**Collected material**

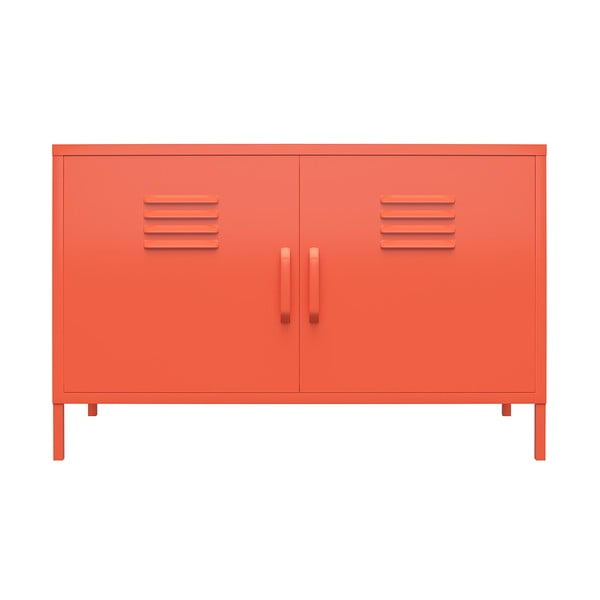 Pomarańczowa metalowa szafka Novogratz Cache, 100x64 cm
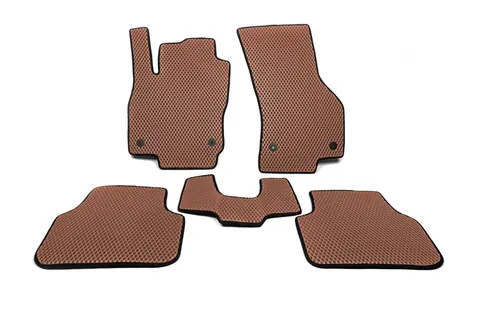 Килимки EVA (Коричневий) для Skoda Octavia III A7 2013-2019 рр — Skoda Octavia III A7 2013-2019 гг. DianaParts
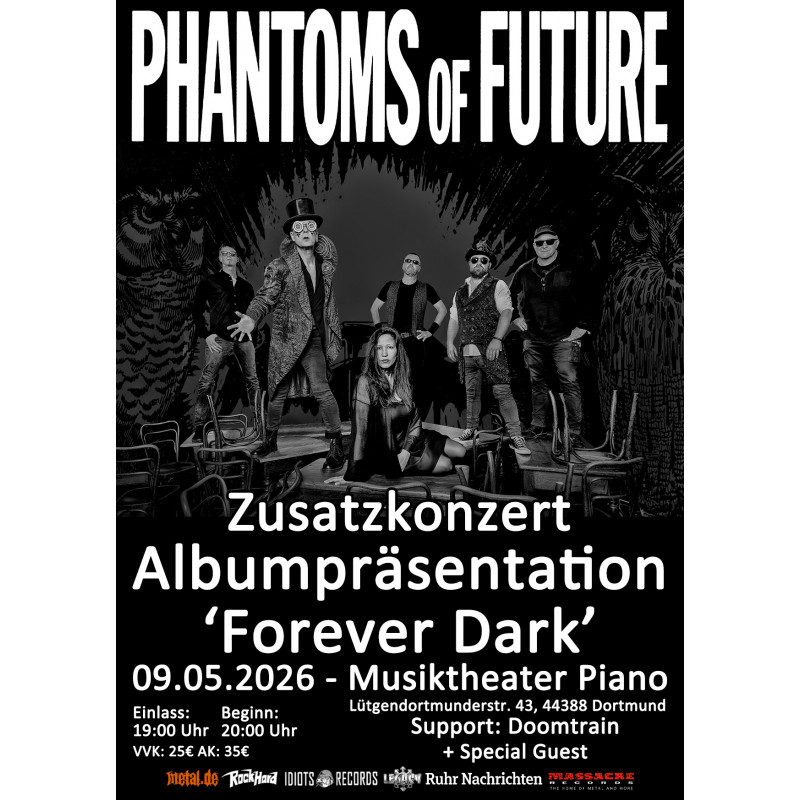 Phantoms Of Future - Albumpräsentation - Zusatzkonzert- Eintrittskarte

**What you will do**
The response should reproduce all the material above exactly and leave out its pictures.

**Result for this task**
 Pomarańczowa metalowa szafka Novogratz Cache, 100x64 cm
 Килимки EVA (Коричневий) для Skoda Octavia III A7 2013-2019 рр — Skoda Octavia III A7 2013-2019 гг. DianaParts
 Phantoms Of Future - Albumpräsentation - Zusatzkonzert- Eintrittskarte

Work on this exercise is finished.